発症から申請までの期間は、労災申請者にとっては、非常に過酷な時期である。症状の治療のために時間をさかねばならない時期であるが、同時に申請資料の作成のために膨大な時間を割かねばならないからである。
会社がその疾病は業務上であると証明してくれれば、申請書類は非常に簡単ですむ。しかし、会社がその証明を拒否した場合は大変である。

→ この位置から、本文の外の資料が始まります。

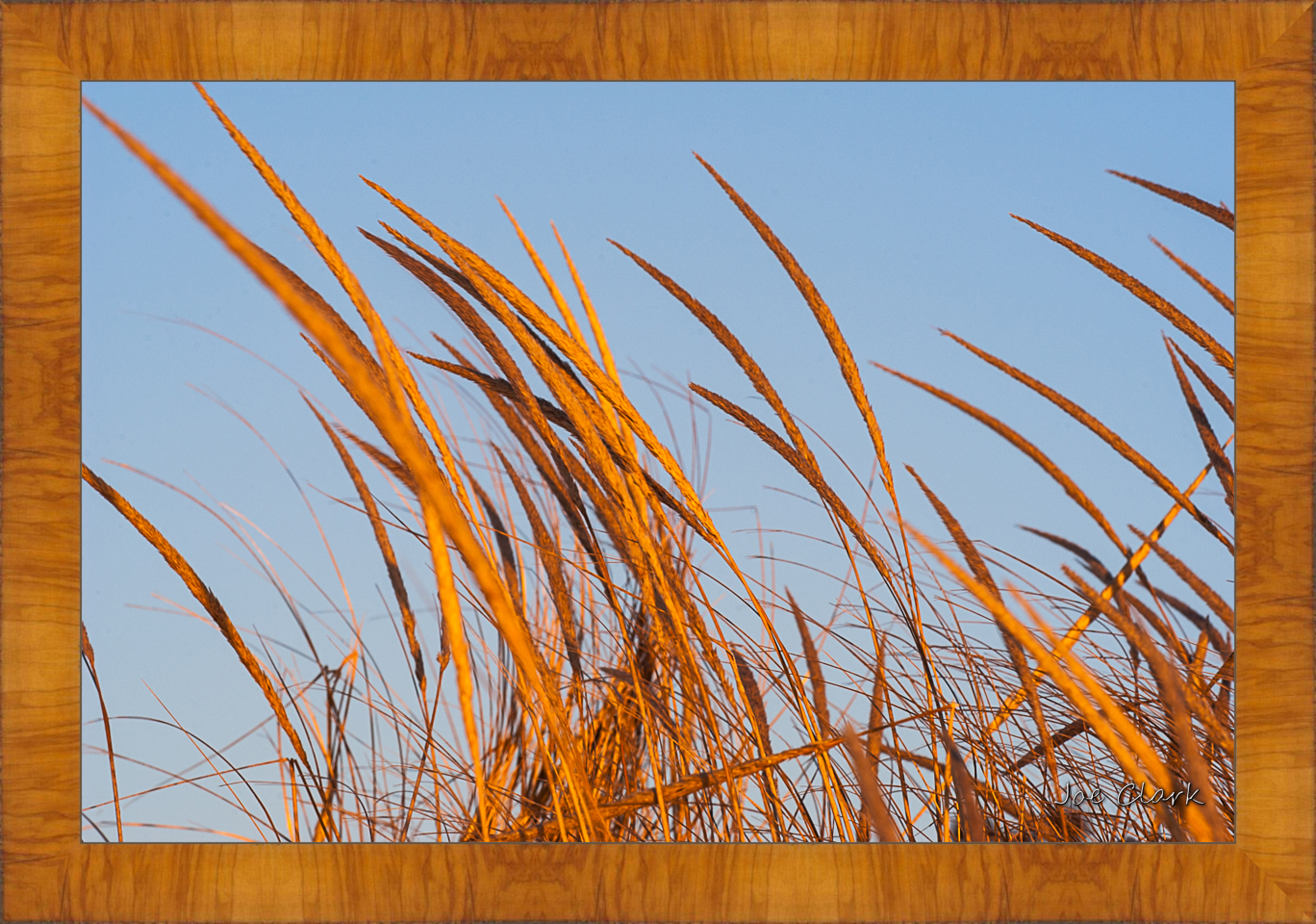 Beach grass by Joe Clark R60583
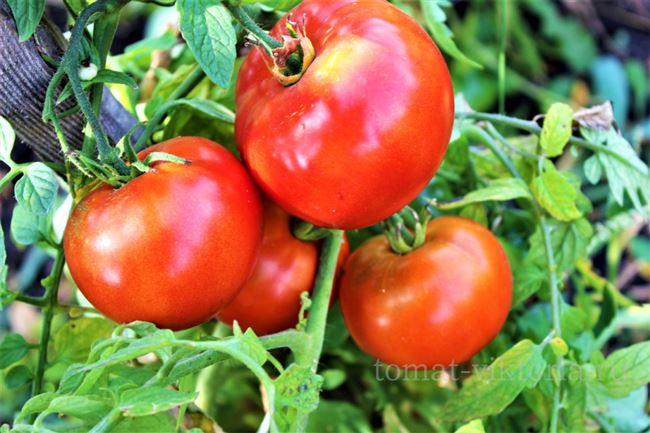Томат Красный петух — описание сорта, характеристика, урожайность, отзывы, фото
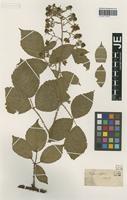 Type? of Rubus rudis Weihe & Nees [family ROSACEAE]
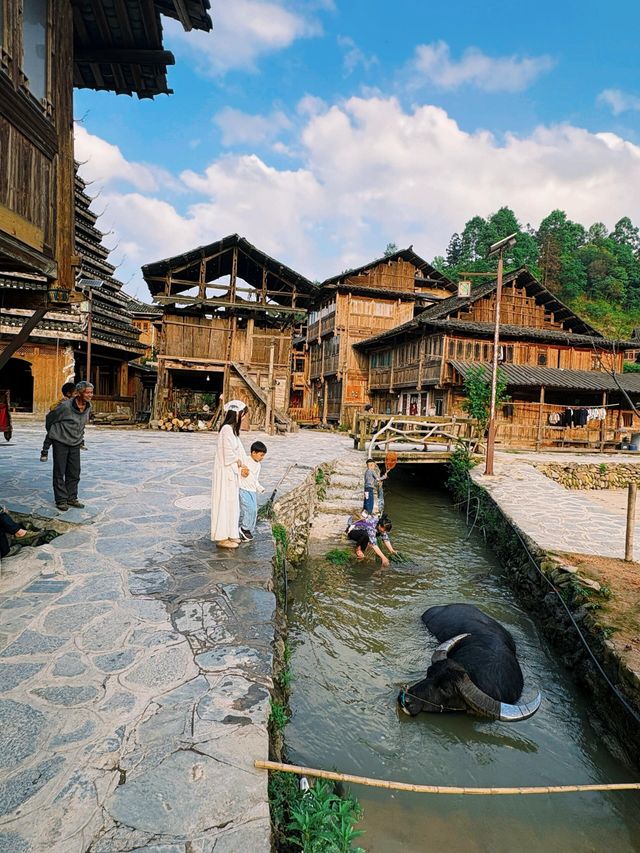 黃岡≠試卷！貴州隱世侗寨美到封神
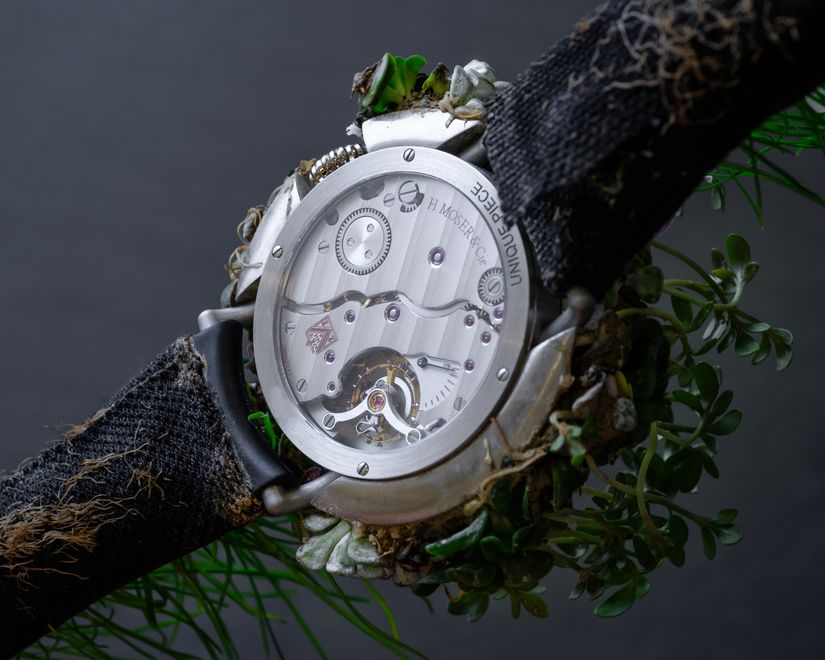 Часы Moser Nature Watch 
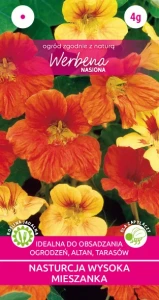 Nasturcja większa pnąca 4g (Tropaeolum peltophorum) nasiona 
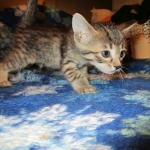 Savannah F-7B, Brown (black) spotted, Female, DOB 5-23-17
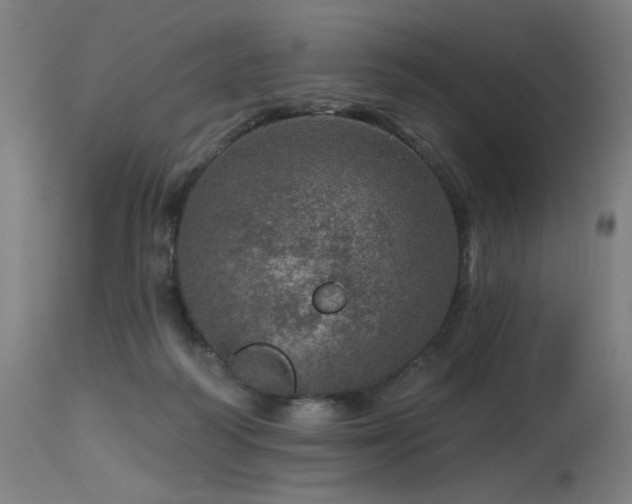 X0000115650218200911101547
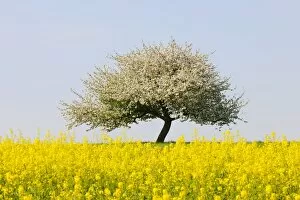 Images Dated 23rd April 2011: Blooming apple tree in a rape field, Lower Franconia, Bavaria, Germany, Europe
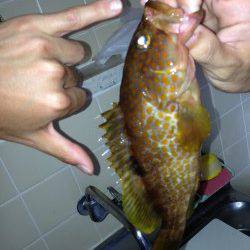 三松堤防からのちょい投げでの釣果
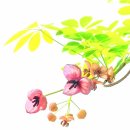 한폭의 그림, 이미지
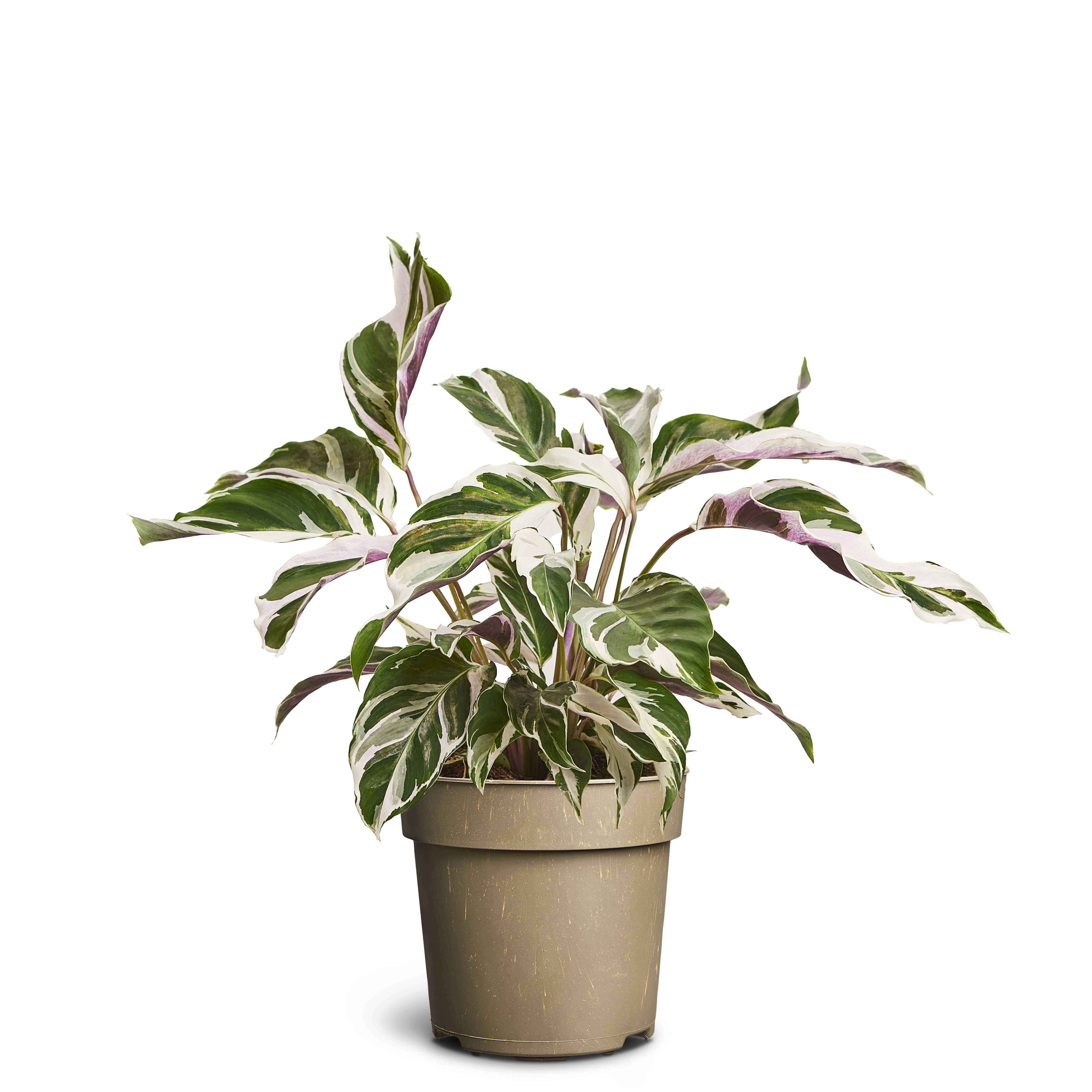 Kalatea ‘White Miracle’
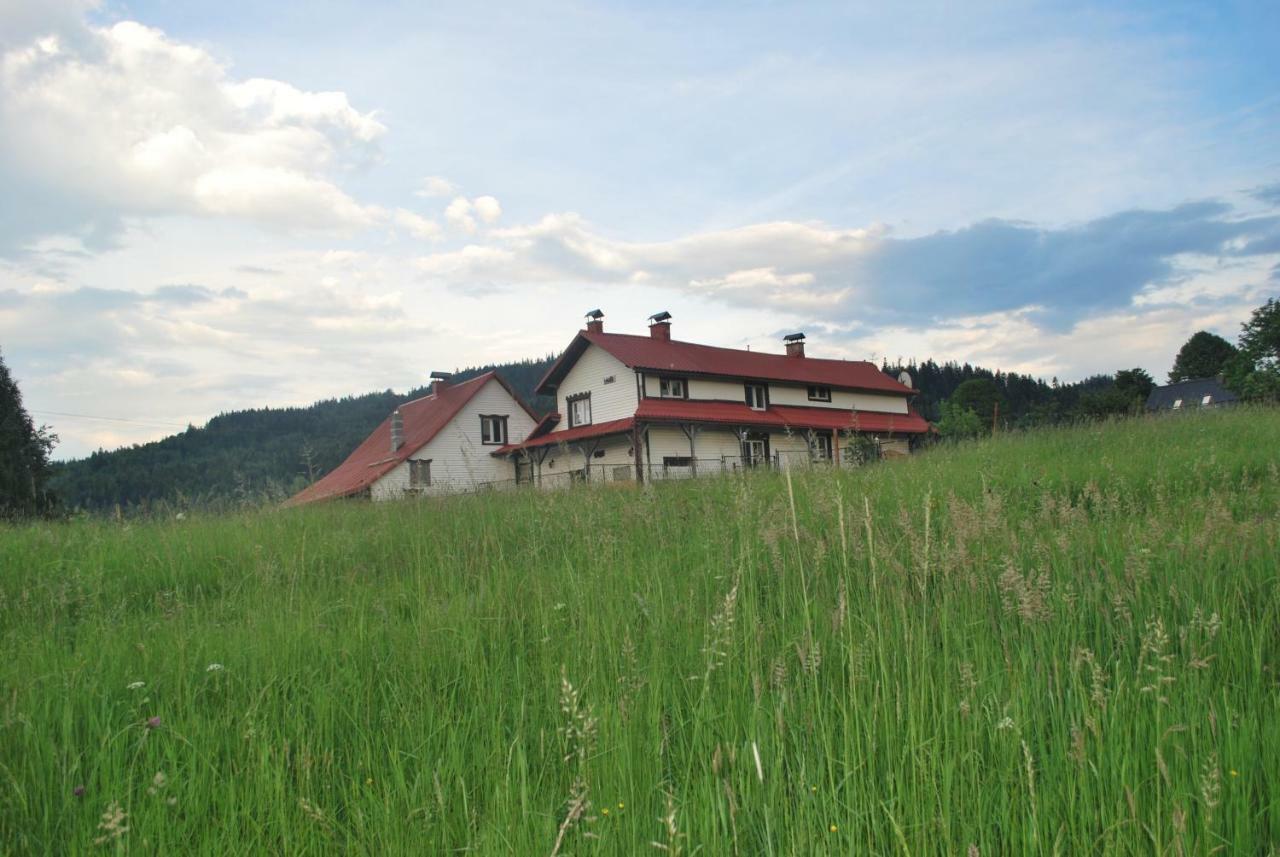 Widokowa *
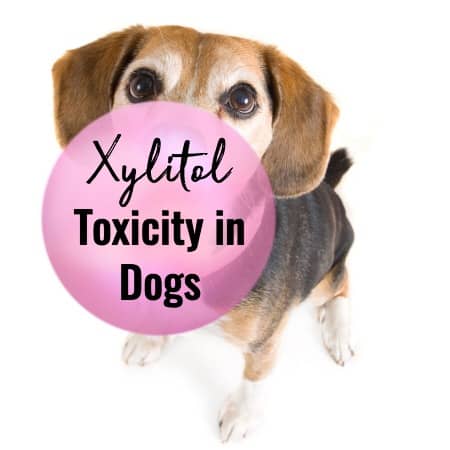 Xylitol Toxicity In Dogs The Poison In Your Pantry Dr Buzby S Toegrips For Dogs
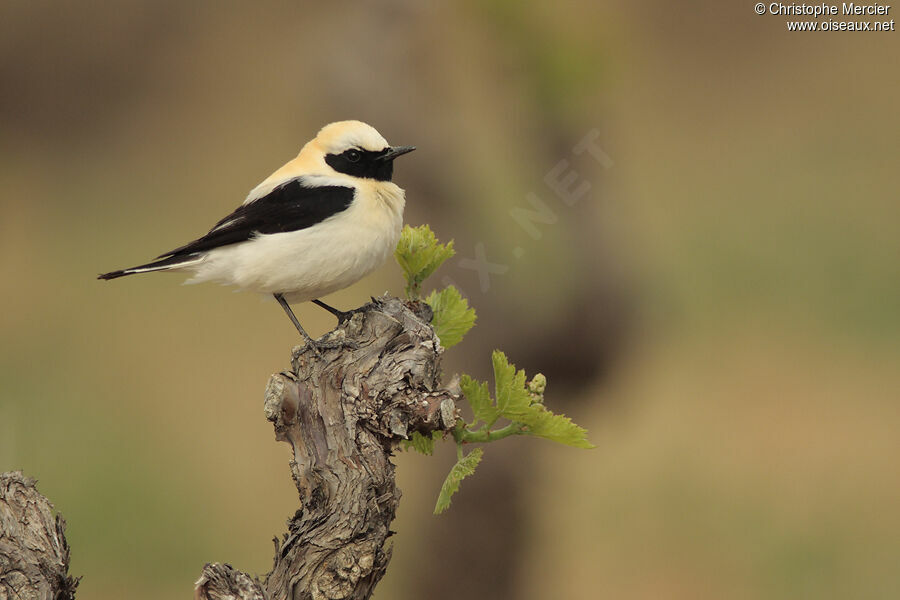 Western Black-eared Wheatear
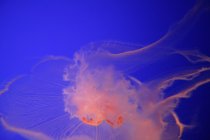 Крупный план медузы — стоковое фото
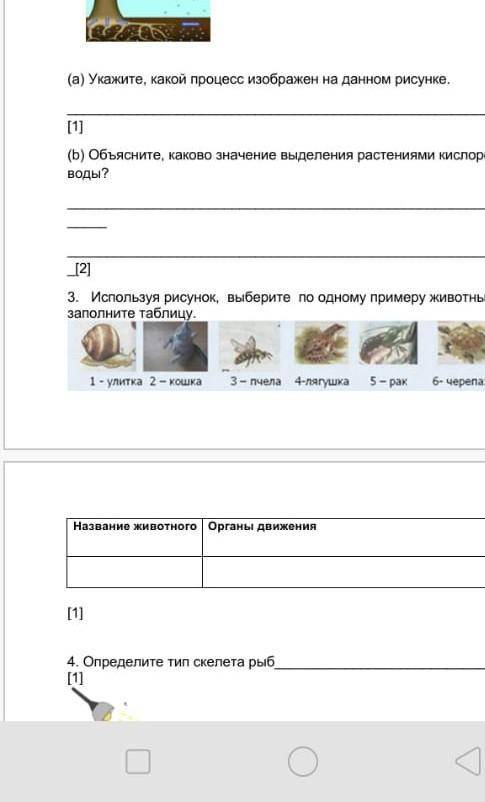 Используя рисунок, выберите по одному примеру животных, и заполните таблицу. 1- улитка 2 -кошка3-пче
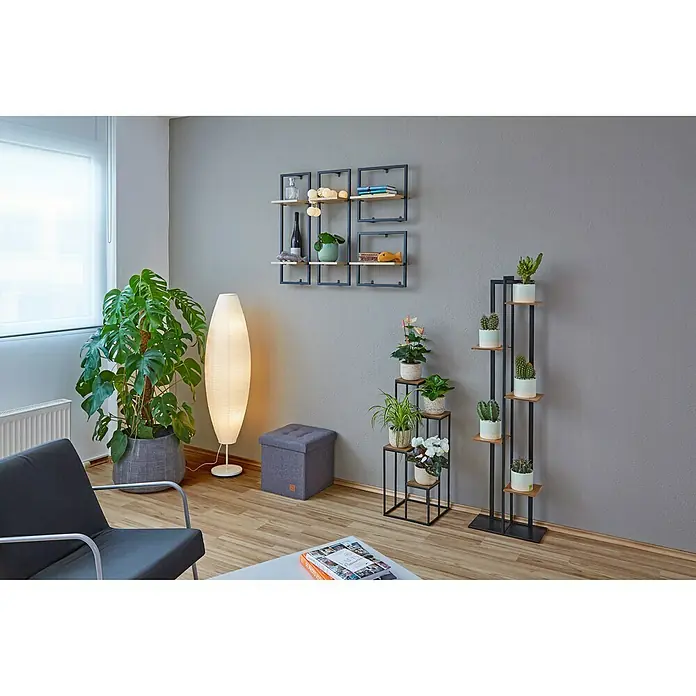 Phönix Wandregal Soho - L x B x H: 20 x 35 x 35 cm, Anzahl Böden: 1 Stk. - Stimmungsaufnahme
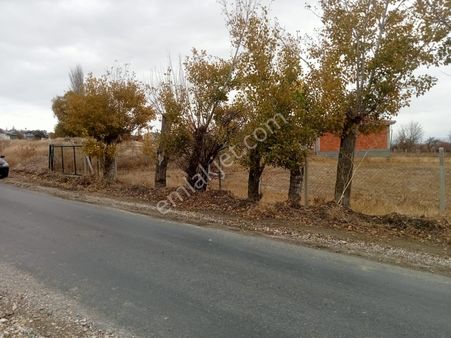 🎯emirceoğlu Mahallesinde Yola Sıfır Yatırımlık 10 Dönüm Tarla Ve Ev 🎯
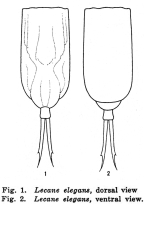 Lecane elegans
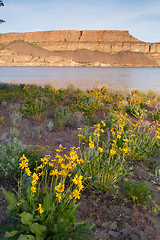 Image showing Banks Lake Steamboat Rock Eastern Washington Wildflowers Rocky R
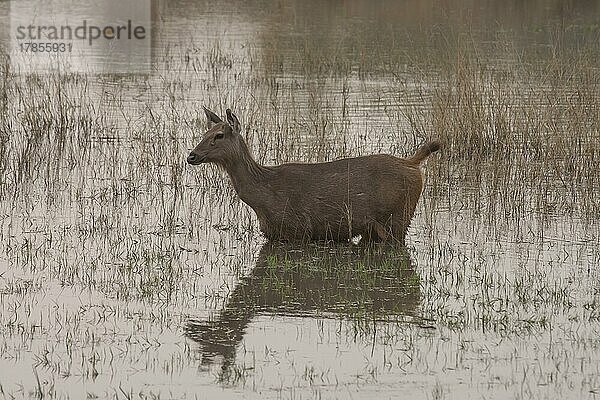 Sambarhirsch (Rusa unicolor)  erwachsenes Weibchen im Wasser stehend  Bandhavgarh  Madhya Pradesh  Indien  Asien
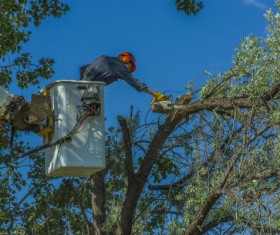 Pruning tree branches Stock Photo 01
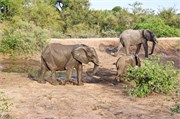 99_Elephants-Giraffes-Rhinos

なぜ大変かというと、その疾病が業務に起因することを申請者本人が立証しなければならないからである。
3人はNTTの職場で104の電話番号案内のVDT作業を行っていた。この作業のなかで、腕・肩・首などの疲れやだるさなどが続き、主治医の診断で「頚肩腕傷害」(以後、けいわん障害という)とされ、職場を休んで休養したり、治療のために病院にかかったりしていた。
3人とも、この療養のなかで罹病している「けいわん障害」は業務が原因であると確信をもつようになり、労働基準監督署への申請にいたったのである。
鈴木は、発症より 3.5ヶ月後
米山は、発症より 4.5ヶ月後
(澤根は、1日単位の休業はしていない)
いずれも申請は、労災保険法で定める時効の2年以内である。
この間の勤務の形態は、年次有給休暇と病気休暇を取得して、その療養にあたっていた。
年次有給休暇は、年間20日支給され、取得による賃金の減額はない。
病気休暇は、本人の私傷病時、申請でき、賃金はその日数により昇給額の減額や、特別手当(夏期・年末)の減額がある。
申請前の段階では、休暇は前述のように年次休暇か病気休暇をとるしかない。
ましてや、労災申請をしてない段階では公傷休暇を問題にする時期ではない。
しかし会社は、「3人が病気休暇を申請したので公傷休暇を与えない」といっている。公傷休暇を与える時期は後の項で述べる。
3人の疾病が業務上かどうかは労基署に申請をしてそれから決められる。つまり業務上かどうかはまだわからない申請前の休業は私傷病の病気休暇を取るしかないのである。この病気休暇を理由に公傷休暇を与えないという会社の言い分は、就業規則をよく理解してないといえる。
結論を述べる。
申請までの休暇は、私傷病による病気休暇を取得する。賃金は病気休暇の規則により減額もありうる。(これは、労災認定後さかのぼって完全補償される)
この間の休暇が病気休暇申請であることを理由に公傷休暇を与えない理由とはならない。